Two years ago we took our four wheeler down there and had a blast. We were really missing it this trip. We sold it to a great family who's daughter also has a metabolic condition. We hope their family is creating some great memories with old blue.
This was our first time leaving Leah. It was quite the chore getting everything ready for her to stay with grandparents. She had a ton of luggage and I wrote out three pages of instructions on how to care for Leah. It was very stressful leaving her but we really needed the break. While we were away I got a glimpse of my old life, a very stress free life. It was hard to come back to reality but she is worth it. Plus, I really missed her!
Leah got her stroller! We absolutely love it. Here's a cute picture of Lauryn's and Leah's beautiful nails.
Leah is doing well, no significant changes! Her legs aren't as stiff which is very nice for changing her diaper and holding her is easier because her legs will bend now. I had to take a picture of her legs so relaxed plus they finally have some fat on them. Yay!!!
She is a lot more alert, her eyes are moving around a lot more. We really like that. The one thing that is really sad is that Leah is throwing up almost every night, sometimes in the middle of the night which totally freaks us out. We have gone in to get her in the morning and she had thrown up sometime in the night. So scary because she aspirates so easy.
Her dosage of Dextromethorphan has sightly increased. We haven't seen any real changes in Leah since she has started the drug. Chad and I got our blood drawn and sent out to Chicago. Dr. Filloux said it will probably take two weeks to get the results.

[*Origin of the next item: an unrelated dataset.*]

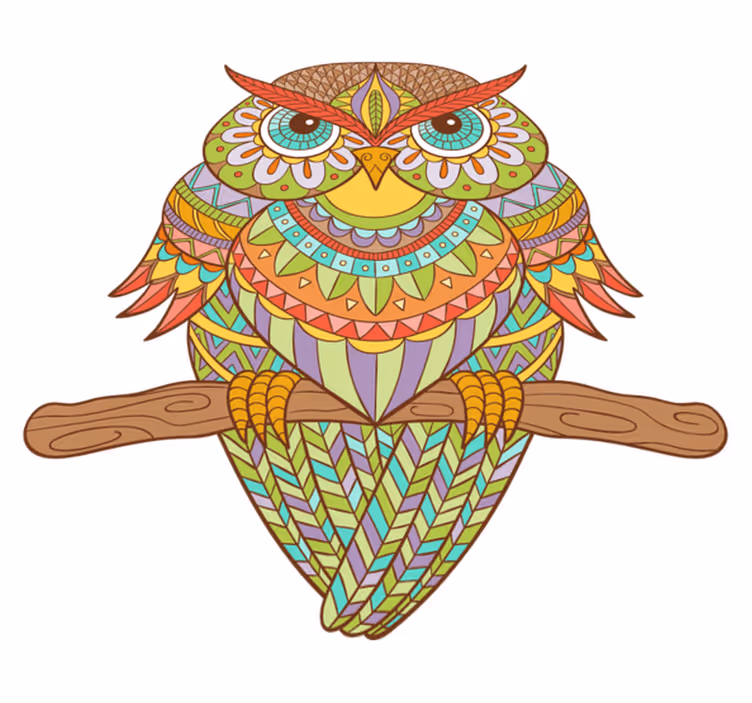Dywan winylowy do salonu ave huichol - TenStickers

I have struggled to blog for the past couple weeks. This new diagnoses has brought on some new emotions. When I am emotional I can't think therefore I can't blog. Life is hard and I know we are all battling something in life. I have found that it's so important to find balance in life. I feel so much better when I have gotten lots of rest and I eat right and exercise daily. I also wish from the very beginning of this sickness with Leah that I got some kind of counseling. I still haven't gotten counseling and I think it's so important because we don't know what to do with all our emotions and sometimes these emotions come out at the wrong times. One day I will make that happen but for now my counseling is a good laugh with friends, a date with my husband, a massage and a diet coke. I totally tried to give that up on that last one but it's just not happenin'.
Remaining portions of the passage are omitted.